I think I go through crushes on one genre or another. Right now I’m on novels, but I’ll be back to poetry before too long, no doubt. I like to read an article or some non-fiction every day. I wouldn’t be a good writer if I didn’t read anything and I would be a completely shite writer if I didn’t have kids, I think. The limitations on my time mean that I have more thinking than “doing time, so when I do get to do, I am really ready to do, and do I do 🙂
Aside: how do you keep your hostas slug free?
That’s a very interesting perspective, Rachel, that you have more time to think and less time to write it down. I like that. It’s very true.
As for the hostas, I have no idea how they’re striving. We are not helping them in any way, that’s for sure. But they do look beautiful this year.
And…now that I’ve had a few moments to look at your other blog post, it looks like the article I found in The New Yorker is actually about the one from The Atlantic that you referenced in your post. And now that I’m mulling it over even more, I’m thinking about what J.K. Rowling was thinking when she was speaking through that male voice, what truth she reveals through that fiction.
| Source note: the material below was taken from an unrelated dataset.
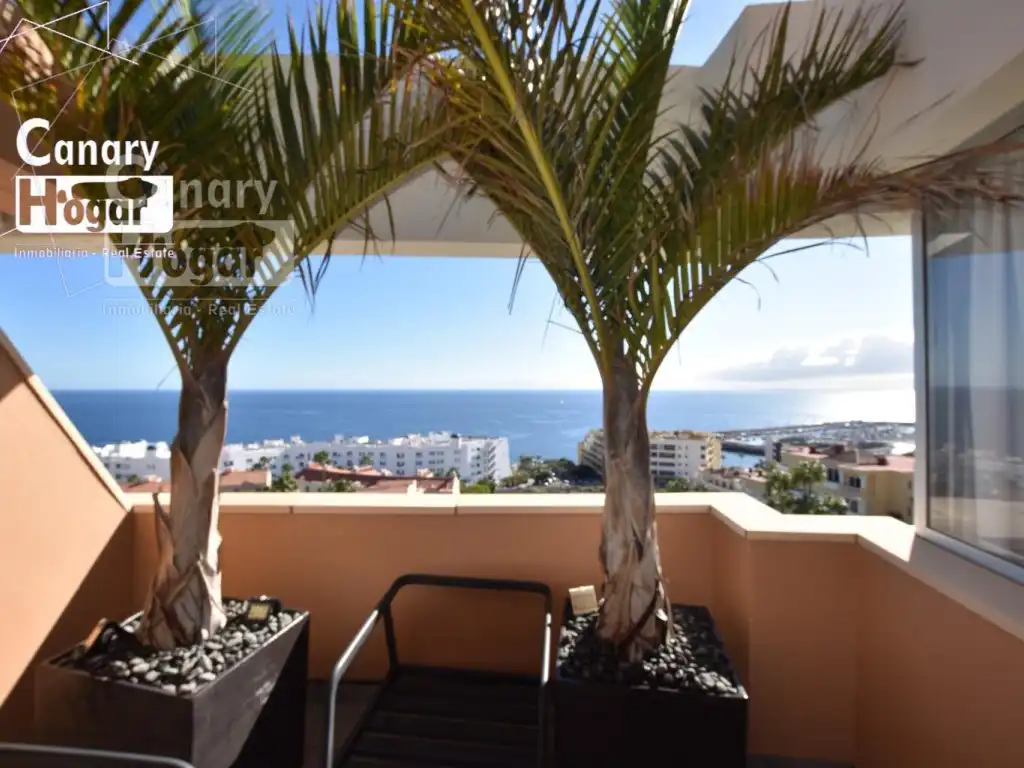 Terrasse von Dachboden zum Verkauf in San Miguel de Abona mit Klimaanlage, Heizung und Gemeinschaftspool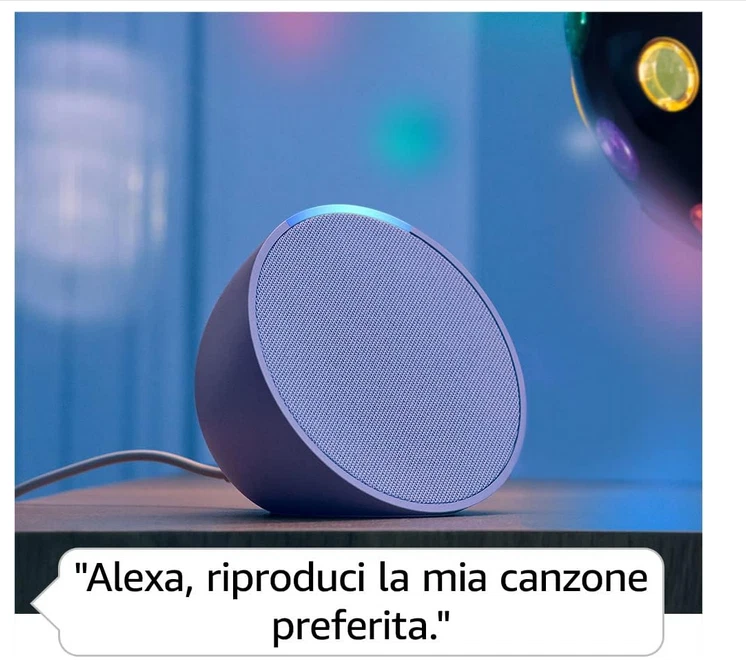 Echo Pop (Ultimo modello) Altoparlante Bluetooth intelligente con Alexa Bianco - Immagine 3 di 4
Yes, I don’t know if I had read The New Yorker article though. I should update the old post with a link to this one too.
I don’t now what J.K. Rowling was thinking. She must be so sick of feeling like she has to hide her gender in order to be accepted as the brilliant writer that she obviously is. It is possible that she had a real life writer model for this character and she was putting in his mouth words that she had actually heard in one form or another. I don’t know.
It’s funny, but I mostly write nonfiction but I much prefer to read fiction. I find it often even more relevant than nonfiction. I just read a fantastic and compelling essay by David Jauss, the first chapter in his book Alone With All That Could Happen about how often fiction is more “true” than nonfiction. Maybe that’s why I never tire of reading fiction (or maybe it’s because I don’t watch TV).
I’ve rejected the idea that all of the great women writers were childless. Look at Margaret Fuller, Toni Morrison, Maya Angelou (all of whom spent at least part of their child-rearing time as single mothers, as did J.K. Rowling herself), Sylvia Plath, Joan Didion. And that’s just off the top of my head. That doesn’t mean that it’s easy to be a mother and a writer, and it doesn’t mean there’s societal support for that path, just that it’s not really true that all of the great women authors had/have no children.
A New Yorker article I found while fact-checking my mother-writers information: http://www.newyorker.com/books/page-turner/writers-and-the-optimal-child-count-spectrum
From the article: “As both Smiley and Smith point out, the key—nothing so occult as a secret—to their ability to marry motherhood and writing has been adequate child care, which remains the desideratum of every working mother, whether she’s a writer or something else. Any person’s independent productivity depends not upon the head count of her children but the sum of her free hours.”
And now I need to go and round up my kids…
I think I can get the idea why fiction can be truer than non-fiction. But a while ago I don’t know if I could have gotten behind it. But you know, fiction is what makes literature art and what makes writing such an amazing form of expression. Maybe, I am considering now this possibility, one problem has been that I grew up reading Russian, French, German literature, and some English, but not much, and then I switched almost entirely to English authors (American in particular), which was maybe too abrupt a change. I don’t know.
And yes, adequate childcare . . . that will always be the dream. But then I remember feeling rather judgy of Agatha Christie who benefited from a good fortune and proper childcare providers, and she left her daughter alone all the time. It didn’t feel right by my modern mothering standards, although I know that in that era women of her social class used to barely spend any time with their own children.